A CALL FOR TEAMWORK: I put together a crew for offshore sailing. In the kind of critical sailing I’m talking about now, offshore gear can fail; this can be a tragic situation at sea at night. I’ve got a crew I’ve put together for long distance of offshore sailing, which consists of some regular stock players that I go to first. I know they can go and they are a fun crowd.

I’ve fallen into a good source of good sailors, airline pilots. And sort of my chief recruiting officer is Mike Ashford, an Eastern pilot who also owns McGarvey’s in Annapolis, the best sailors’ watering hole on the East Coast.
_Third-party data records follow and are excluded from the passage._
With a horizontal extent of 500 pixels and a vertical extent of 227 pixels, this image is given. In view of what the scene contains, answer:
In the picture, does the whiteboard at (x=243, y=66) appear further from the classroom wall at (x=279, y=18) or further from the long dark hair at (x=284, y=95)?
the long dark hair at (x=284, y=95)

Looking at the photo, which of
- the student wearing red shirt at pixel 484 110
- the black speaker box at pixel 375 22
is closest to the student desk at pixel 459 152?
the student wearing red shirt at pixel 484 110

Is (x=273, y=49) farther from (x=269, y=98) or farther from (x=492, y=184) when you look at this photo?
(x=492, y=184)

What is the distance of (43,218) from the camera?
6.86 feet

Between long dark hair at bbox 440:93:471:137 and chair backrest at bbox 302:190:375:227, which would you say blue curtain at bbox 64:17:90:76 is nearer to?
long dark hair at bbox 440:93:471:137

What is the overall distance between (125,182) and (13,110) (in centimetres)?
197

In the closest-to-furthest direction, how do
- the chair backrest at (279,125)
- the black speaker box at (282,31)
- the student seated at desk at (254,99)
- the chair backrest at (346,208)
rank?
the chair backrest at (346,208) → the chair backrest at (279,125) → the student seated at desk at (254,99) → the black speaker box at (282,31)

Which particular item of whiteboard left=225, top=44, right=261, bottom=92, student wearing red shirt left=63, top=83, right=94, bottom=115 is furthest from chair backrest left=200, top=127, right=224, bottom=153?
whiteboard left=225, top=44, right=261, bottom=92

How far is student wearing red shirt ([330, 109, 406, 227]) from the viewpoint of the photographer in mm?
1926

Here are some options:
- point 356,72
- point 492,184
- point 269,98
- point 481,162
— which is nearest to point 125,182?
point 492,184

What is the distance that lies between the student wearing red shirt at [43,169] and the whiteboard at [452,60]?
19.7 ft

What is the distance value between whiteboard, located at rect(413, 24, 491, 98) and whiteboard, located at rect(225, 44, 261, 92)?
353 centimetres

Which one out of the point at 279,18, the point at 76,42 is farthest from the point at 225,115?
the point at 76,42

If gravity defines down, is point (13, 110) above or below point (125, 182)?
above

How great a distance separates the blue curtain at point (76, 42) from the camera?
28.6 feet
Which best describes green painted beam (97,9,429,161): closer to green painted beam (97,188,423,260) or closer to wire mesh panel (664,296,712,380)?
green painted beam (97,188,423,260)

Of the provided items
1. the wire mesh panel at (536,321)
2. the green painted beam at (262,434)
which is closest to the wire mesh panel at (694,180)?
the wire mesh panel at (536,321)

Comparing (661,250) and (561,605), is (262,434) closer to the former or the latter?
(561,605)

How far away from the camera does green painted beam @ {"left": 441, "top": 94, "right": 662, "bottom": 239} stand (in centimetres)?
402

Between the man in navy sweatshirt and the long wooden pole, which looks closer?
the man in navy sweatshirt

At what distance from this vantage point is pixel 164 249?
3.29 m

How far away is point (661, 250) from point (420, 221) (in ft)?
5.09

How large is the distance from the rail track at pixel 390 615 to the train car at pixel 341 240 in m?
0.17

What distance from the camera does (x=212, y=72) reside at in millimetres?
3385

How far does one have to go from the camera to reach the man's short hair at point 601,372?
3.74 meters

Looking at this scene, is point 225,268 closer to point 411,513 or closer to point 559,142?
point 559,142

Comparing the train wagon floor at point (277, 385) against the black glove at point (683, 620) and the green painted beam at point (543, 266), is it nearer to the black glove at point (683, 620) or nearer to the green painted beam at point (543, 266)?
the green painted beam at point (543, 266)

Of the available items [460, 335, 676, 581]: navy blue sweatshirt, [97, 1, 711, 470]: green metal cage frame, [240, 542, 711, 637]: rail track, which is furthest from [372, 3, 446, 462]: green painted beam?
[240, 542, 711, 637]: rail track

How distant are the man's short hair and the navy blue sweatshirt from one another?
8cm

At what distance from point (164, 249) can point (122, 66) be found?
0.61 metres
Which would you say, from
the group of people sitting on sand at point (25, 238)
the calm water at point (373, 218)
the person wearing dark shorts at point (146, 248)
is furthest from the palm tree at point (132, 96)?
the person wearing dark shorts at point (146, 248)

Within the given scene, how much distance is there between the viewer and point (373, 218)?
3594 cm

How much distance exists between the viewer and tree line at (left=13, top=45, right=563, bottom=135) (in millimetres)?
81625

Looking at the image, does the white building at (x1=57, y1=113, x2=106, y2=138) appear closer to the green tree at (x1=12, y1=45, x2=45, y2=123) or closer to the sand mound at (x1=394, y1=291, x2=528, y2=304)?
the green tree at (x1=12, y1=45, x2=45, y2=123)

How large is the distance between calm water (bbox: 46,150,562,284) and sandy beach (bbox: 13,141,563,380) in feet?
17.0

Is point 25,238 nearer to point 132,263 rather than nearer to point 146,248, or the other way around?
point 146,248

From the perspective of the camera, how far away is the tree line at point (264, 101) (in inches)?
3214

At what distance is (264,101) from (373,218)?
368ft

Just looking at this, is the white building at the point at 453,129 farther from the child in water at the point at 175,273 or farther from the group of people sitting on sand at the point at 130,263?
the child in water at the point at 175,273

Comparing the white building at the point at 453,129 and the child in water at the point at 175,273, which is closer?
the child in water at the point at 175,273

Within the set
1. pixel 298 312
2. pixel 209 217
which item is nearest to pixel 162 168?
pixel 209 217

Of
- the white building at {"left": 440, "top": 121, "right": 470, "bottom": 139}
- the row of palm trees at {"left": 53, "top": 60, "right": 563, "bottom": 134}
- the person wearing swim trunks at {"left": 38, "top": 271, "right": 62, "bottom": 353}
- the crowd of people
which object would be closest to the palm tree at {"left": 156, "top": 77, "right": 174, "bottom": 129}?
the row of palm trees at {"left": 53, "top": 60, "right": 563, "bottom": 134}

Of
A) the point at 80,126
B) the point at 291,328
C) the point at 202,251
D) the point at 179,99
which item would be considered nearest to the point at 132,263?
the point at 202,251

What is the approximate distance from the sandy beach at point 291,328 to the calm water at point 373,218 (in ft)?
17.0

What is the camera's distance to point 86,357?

He owns a skipjack, races in the Chesapeake Skipjack races. I sail down there every year. There’s also an explorer, a lawyer sometime restaurant operator, Brian Carey, Arctic explorer, adventurer.

LIFE ON BOARD, CRUISING WITH FAMILY AND FRIENDS AND PLANNING: My wife Mary sails with me all the time when we’re sailing inshore. She doesn’t like the offshore passages. She loves cruises. We have a long list of friends who frequently join us aboard. Mr. and Mrs. Andy Rooney.
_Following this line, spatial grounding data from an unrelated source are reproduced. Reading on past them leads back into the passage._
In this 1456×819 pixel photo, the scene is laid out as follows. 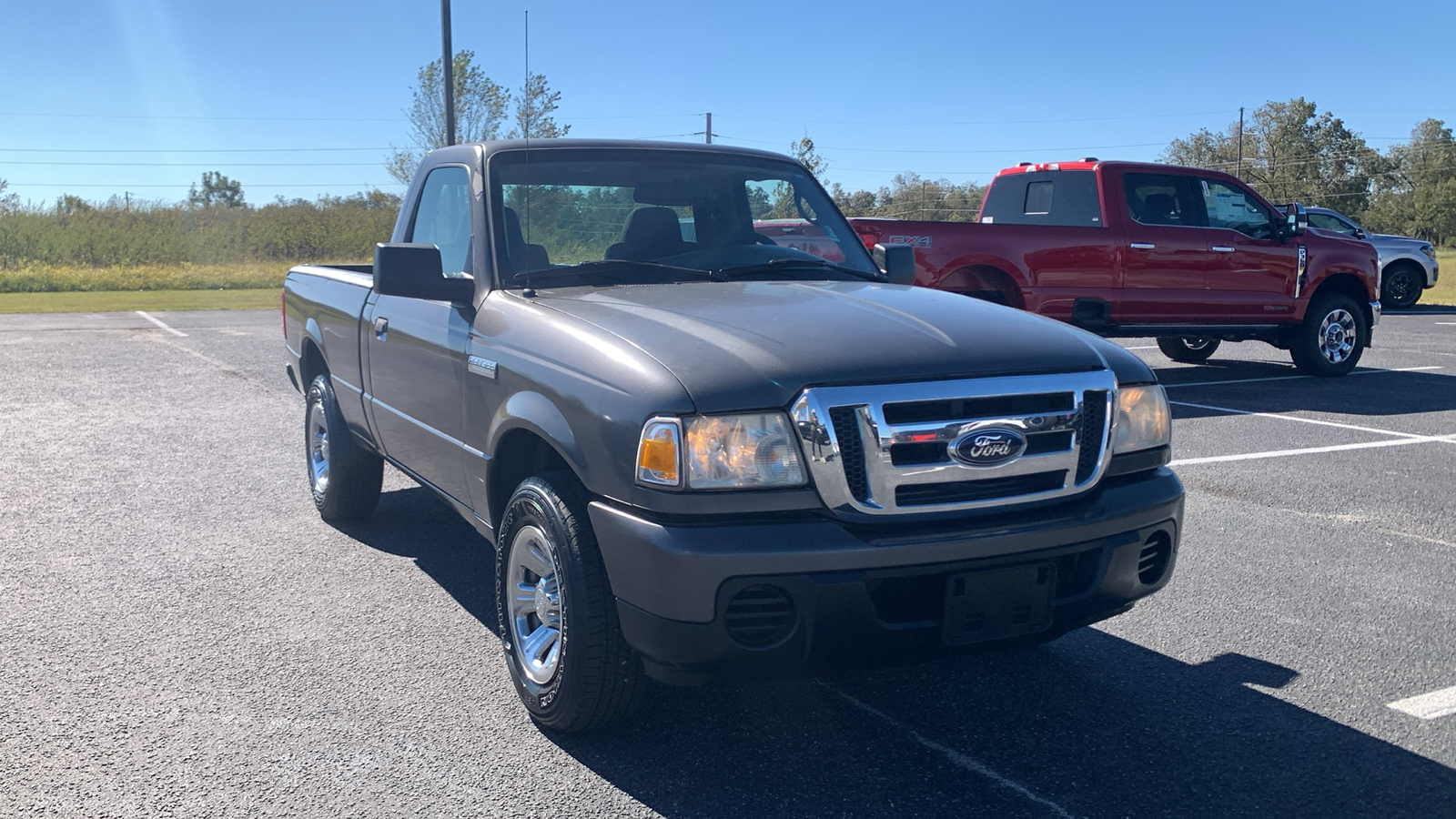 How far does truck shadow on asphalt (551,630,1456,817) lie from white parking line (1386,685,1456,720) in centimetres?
30

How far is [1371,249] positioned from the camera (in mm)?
11930

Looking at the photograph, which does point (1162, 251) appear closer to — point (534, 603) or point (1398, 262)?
point (534, 603)

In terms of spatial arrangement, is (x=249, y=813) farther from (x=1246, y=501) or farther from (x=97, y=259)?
(x=97, y=259)

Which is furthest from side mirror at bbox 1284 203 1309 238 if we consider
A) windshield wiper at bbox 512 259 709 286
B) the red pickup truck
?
windshield wiper at bbox 512 259 709 286

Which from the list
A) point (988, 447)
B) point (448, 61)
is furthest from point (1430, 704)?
point (448, 61)

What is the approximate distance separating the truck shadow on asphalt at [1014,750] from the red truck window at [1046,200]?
784 cm

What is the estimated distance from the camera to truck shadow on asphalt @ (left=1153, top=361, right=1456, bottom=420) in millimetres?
9648

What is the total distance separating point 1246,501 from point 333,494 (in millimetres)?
4791

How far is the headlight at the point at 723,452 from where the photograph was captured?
2.76 m

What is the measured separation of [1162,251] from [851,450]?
9052 millimetres

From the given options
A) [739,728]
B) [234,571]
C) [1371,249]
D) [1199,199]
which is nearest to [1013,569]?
[739,728]

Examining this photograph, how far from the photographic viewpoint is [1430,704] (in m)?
3.48

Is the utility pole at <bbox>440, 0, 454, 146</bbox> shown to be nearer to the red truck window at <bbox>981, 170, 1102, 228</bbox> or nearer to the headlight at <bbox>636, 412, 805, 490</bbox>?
the red truck window at <bbox>981, 170, 1102, 228</bbox>

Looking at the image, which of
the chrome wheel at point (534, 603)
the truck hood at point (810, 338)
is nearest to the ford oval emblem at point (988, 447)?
the truck hood at point (810, 338) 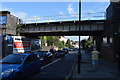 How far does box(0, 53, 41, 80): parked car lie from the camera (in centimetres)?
715

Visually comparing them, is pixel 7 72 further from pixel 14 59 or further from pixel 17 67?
pixel 14 59

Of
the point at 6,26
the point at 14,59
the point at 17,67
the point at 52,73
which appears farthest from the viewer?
the point at 6,26

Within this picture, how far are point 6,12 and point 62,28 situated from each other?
12.5 m

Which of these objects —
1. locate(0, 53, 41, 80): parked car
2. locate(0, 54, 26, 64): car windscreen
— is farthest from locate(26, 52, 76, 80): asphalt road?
locate(0, 54, 26, 64): car windscreen

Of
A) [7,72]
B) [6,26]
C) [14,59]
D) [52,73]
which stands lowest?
[52,73]

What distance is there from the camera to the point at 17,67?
25.1 feet

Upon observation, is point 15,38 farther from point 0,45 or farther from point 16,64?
point 16,64

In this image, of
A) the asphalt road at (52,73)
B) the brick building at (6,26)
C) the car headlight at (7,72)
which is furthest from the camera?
the brick building at (6,26)

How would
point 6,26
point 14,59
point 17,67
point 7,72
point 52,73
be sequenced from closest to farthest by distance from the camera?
point 7,72, point 17,67, point 14,59, point 52,73, point 6,26

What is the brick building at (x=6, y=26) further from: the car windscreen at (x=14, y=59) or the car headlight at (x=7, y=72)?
the car headlight at (x=7, y=72)

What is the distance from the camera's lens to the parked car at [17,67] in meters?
7.15

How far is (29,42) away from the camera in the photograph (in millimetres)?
33719

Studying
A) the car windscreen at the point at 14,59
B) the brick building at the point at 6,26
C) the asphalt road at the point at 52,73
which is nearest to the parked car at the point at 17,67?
the car windscreen at the point at 14,59

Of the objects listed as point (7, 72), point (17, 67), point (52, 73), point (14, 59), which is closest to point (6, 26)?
point (52, 73) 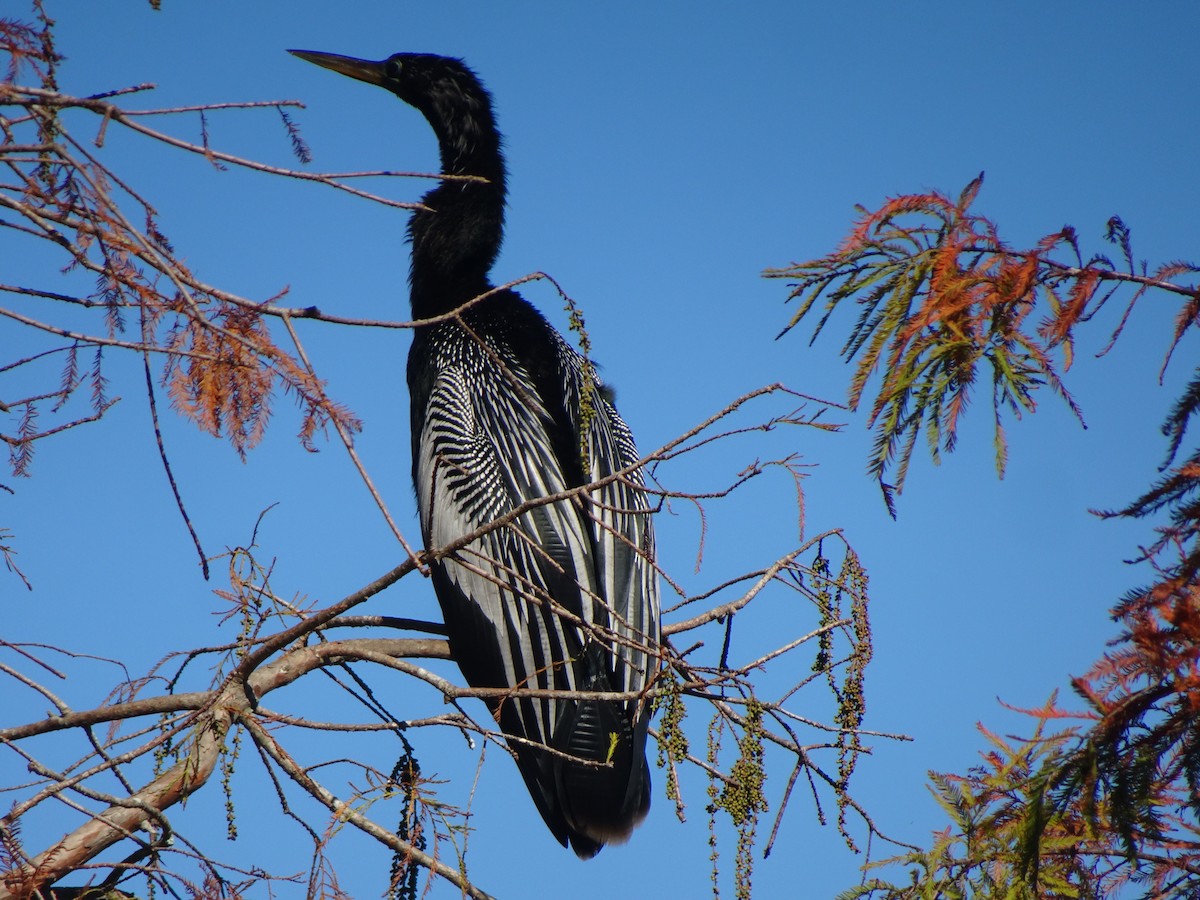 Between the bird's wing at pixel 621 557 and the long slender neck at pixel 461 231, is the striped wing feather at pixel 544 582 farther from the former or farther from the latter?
the long slender neck at pixel 461 231

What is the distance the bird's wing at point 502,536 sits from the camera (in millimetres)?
3672

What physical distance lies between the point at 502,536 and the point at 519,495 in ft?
0.66

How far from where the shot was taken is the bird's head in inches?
205

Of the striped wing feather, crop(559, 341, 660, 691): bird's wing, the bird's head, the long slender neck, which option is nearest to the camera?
the striped wing feather

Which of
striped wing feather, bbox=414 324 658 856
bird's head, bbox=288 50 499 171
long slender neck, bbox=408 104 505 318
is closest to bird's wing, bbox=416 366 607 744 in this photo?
striped wing feather, bbox=414 324 658 856

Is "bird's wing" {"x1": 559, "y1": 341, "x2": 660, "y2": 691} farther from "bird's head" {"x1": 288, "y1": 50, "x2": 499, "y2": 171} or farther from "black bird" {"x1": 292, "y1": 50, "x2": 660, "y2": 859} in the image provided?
"bird's head" {"x1": 288, "y1": 50, "x2": 499, "y2": 171}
I’m the skipper. Depending on the size of the crew, that determines what life is like aboard. It we’re going on a long offshore passage, we set up watches so that everybody shares the onerous duties, the hours people don’t like. On offshore passages, life is very pleasant. There are hours in the day when everybody’s up; early in the morning and again late in the afternoon, and in the evening for dinner. The rest of the time, part of the crew is sleeping, or up and around.

The daytime gets a little messy, some sleep and some don’t when they’re supposed to, and those who haven’t slept during the day are not quite as efficient as they ought to be at night. It’s a normal way to live. If I have enough crew, normally 7, that leaves me free to not take a watch. Then I’m up frequently during the night to do navigational chores, and as captain, make decisions if we need any. There are always two persons on deck. We overlap watches, so there is a fresh man coming up every hour. We have three watches of two people each. The crew likes short watches of two to three hours, depending on the voyage. I think that’s a better way to do it.
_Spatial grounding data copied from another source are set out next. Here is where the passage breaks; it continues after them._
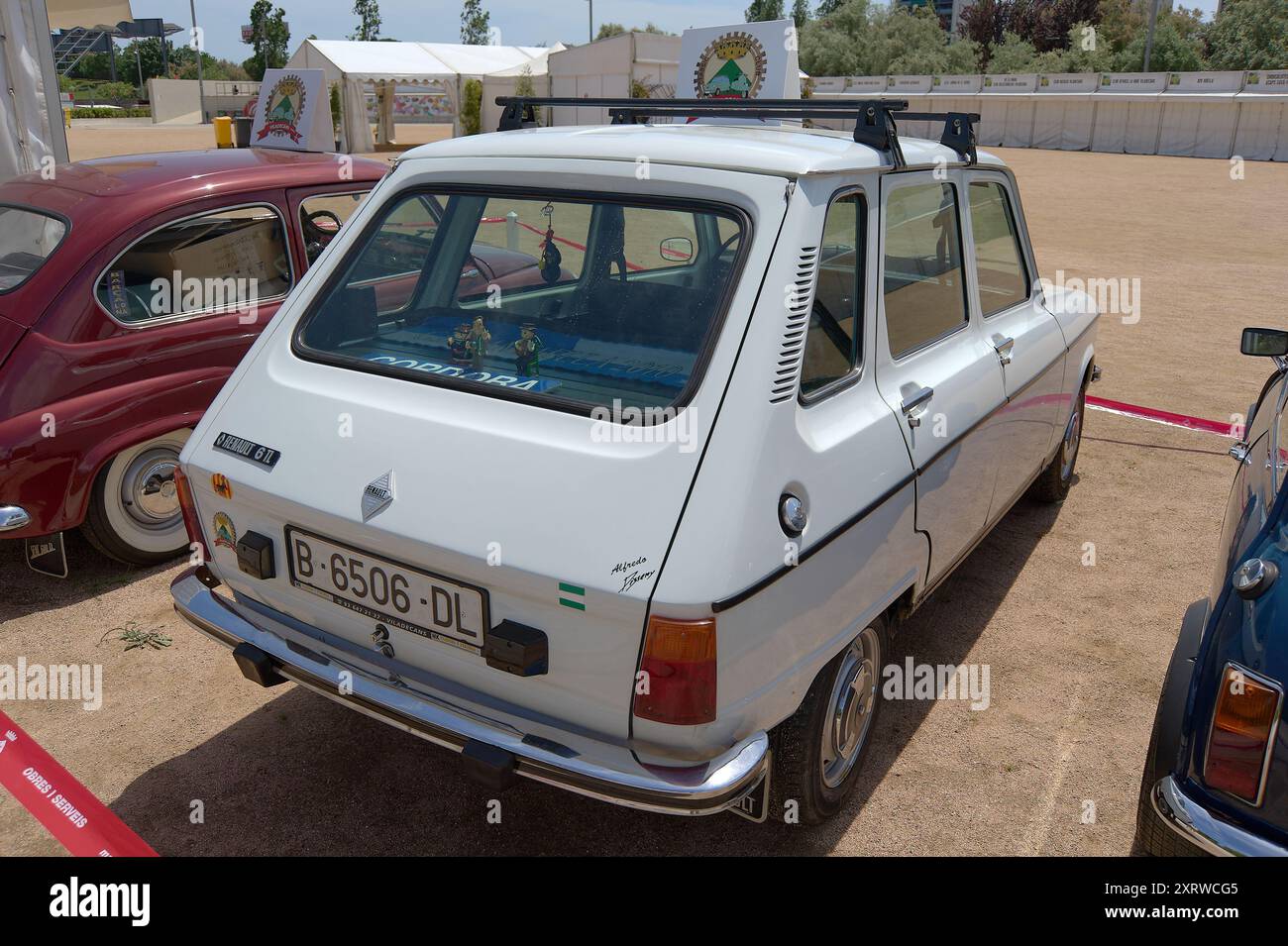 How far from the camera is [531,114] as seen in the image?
3834 mm

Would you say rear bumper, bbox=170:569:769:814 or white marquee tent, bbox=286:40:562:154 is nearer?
rear bumper, bbox=170:569:769:814

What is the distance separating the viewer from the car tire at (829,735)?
264 centimetres

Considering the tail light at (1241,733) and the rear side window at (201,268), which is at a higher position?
the rear side window at (201,268)

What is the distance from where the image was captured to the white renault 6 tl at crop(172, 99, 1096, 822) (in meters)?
2.24

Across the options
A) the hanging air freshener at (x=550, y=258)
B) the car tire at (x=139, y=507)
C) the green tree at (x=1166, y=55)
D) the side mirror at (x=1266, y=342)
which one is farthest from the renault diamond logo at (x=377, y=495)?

At night, it’s very easy to become somber. With a fresh man every hour, I know the logs are kept properly. And the crew is alert.

Wyntje, my boat, is named after the first woman who married a Cronkite in the New Amsterdam colony, November 16, 1642. The boat is in honor of all the women who made Cronkite men happy in the New World. The first boat, built in 1976, and the second, built in 1986, have been a delight.

CONCERN FOR THE EVERYMAN-ADVENTURER AND YOUTH: People you meet sailing, cruising, are a wonderful cross-section of humanity. You know they are interested in the sea. You’ve got this common bond of the sea.

I am amazed at the people who cross oceans today. I don’t think the public has any knowledge, or a general feeling, of how many people are out there crossing the ocean. It’s a lot to me to be crossing the ocean in a small boat. I think I saw a figure of 2,300 boats or something like that checking through various islands in the Caribbean last year. The singlehanders I find very hard to understand. Thirty days is a long time to be out there and it’s quite a risk, very risky business.

There are a lot of young people today in the sailing scene, the cruising scene. A lot of them have been lured by the sea. A lot of them are very bright. There’s a lot to be learned from the experience at sea. There are some jobs, but not many good jobs. Captain of a boat is a fine marvelous career; I envy those who do it.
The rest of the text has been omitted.